There was blood on my fingers, not much, but blood, nonetheless. I looked down. Steve was trying to take the BB gun from Gordo. Gordo just pushed him to the ground and raised the gun in my direction and pumped it for another shot. It took less than a couple of minutes for me to complete the descent, but it felt longer as, eyes tightly shut, a succession of BBs hit the pole, my arm, my neck,  my leg. I ran enraged towards Gordo, Steve just stood there looking stunned. I swung at Gordo, but he had a much longer reach and landed a punch that put me on my back, winded. “Why? Why?” I gasped, crying. “I wanted to see if I could make you fall”.  

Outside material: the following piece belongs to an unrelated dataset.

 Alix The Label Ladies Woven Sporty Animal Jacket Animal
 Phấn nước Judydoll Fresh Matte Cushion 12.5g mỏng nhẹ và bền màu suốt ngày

Perhaps it was that episode, perhaps it was “the decade of love, man,” but I began to lose my zest for bloodletting in the sixties. On reflection, though, it may have had something to do with reality. In the summer of 1969, five years after returning to Ireland from Aruba, I was dreaming in the country, deep in the Glens of Antrim. Lazing the days away, reading Lord Byron and generally being an aesthete, I thought that it would be fun to be among the decadent boyos of the fin de siècle of Pater and Wilde and…I heard it on the radio. Bombay Street in Belfast had been burned out the night before. The latest instalment of the Troubles had begun in earnest. The college I had just completed my initial year of tertiary education at, in Andersonstown at the top of the Falls Road, Belfast, put out a call for volunteers. Emergency housing had to be found for those residents of the lower Falls who had the misfortune to live, at that interesting time, too close to the Shankill Road.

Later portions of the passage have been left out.